I haven’t had as many camping trips as I would like, but I’ve gone enough to successfully pitch a tent all by myself.  Most of my camping experience falls under the summertime, let’s go enjoy the lake and the company category, but I had the (mis)fortune to accidentally attempt cold weather camping.

I thought camping in Colorado and Utah in the middle of May would involve mild weather with the nights maybe being a tad chilly.  As did the rest of the group I was with, so no one was prepared for reality.

As always, I’d like to share what I’ve learned from this experience so you don’t have to go through it accidentally unprepared.

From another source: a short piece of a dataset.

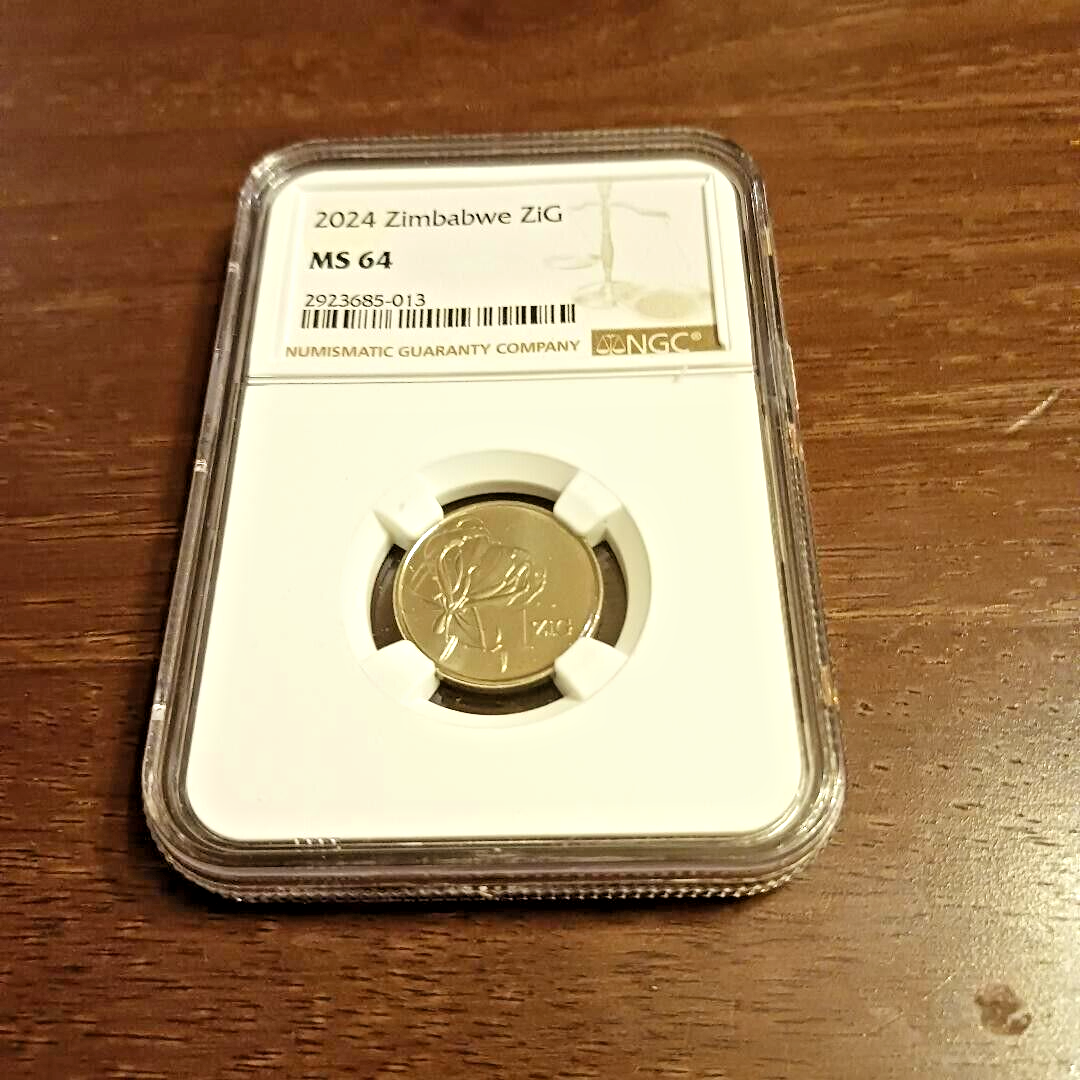 2024 Zimbabwe 1 ZiG Coin MS 64 | eBay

Gear for hanging out in the evenings/mornings/whenever you’re outside your tent

  • Layers:  The most important thing you can do is bundle up in as many layers as you brought.  I’m talking short sleeve shirt under a long sleeve shirt under a crew neck sweatshirt under a hoodie under a jacket under a coat.  Seriously.  The warmer you can keep your insides the happier you’ll be!
  • Extremity coverings: Hats, gloves, wool socks, whatever you think you need to keep warm.  Again I’d recommend layering up (knit gloves under ski gloves, things like that).

Gear for staying alive overnight

Ok, so that might be a little extreme (it really wasn’t that cold, just mid twenties throughout the night) but when you’re shivering in your tent at three in the morning, you’d be thinking a little extreme too.

  • The most important thing you can do is get yourself a solid sleeping bag.  I’ve found sleeping bags can either be compressible and cheap, compressible and warm, or cheap and warm but these things usually don’t overlap any more than that.  If you know you’ll get the most use out of your bag in cold weather, focus on that.  If your budget is tight, stay within the cheap range.  You know what’s right for you.  However, if your sleeping bag isn’t necessarily the warmest do what you can to fix that.  I recommend packing a fleece blanket in your sleeping bag before leaving so you always have it just in case.  Even the one added layer makes things much more bearable!
  • Sleep in layers.  I think running tights or some other sort of legging under warm sweatpants is the best way to go, but that’s just me.  I’d also keep a majority of the layering you’ve already done!
  • Extremity coverings are needed more than just when you’re outside.  I slept in my hat and gloves and that made a big difference!  If your toes are prone to getting chilly or you know your sleeping bag isn’t especially warm, I recommend hand warmers between two pairs of wool socks to save your feet.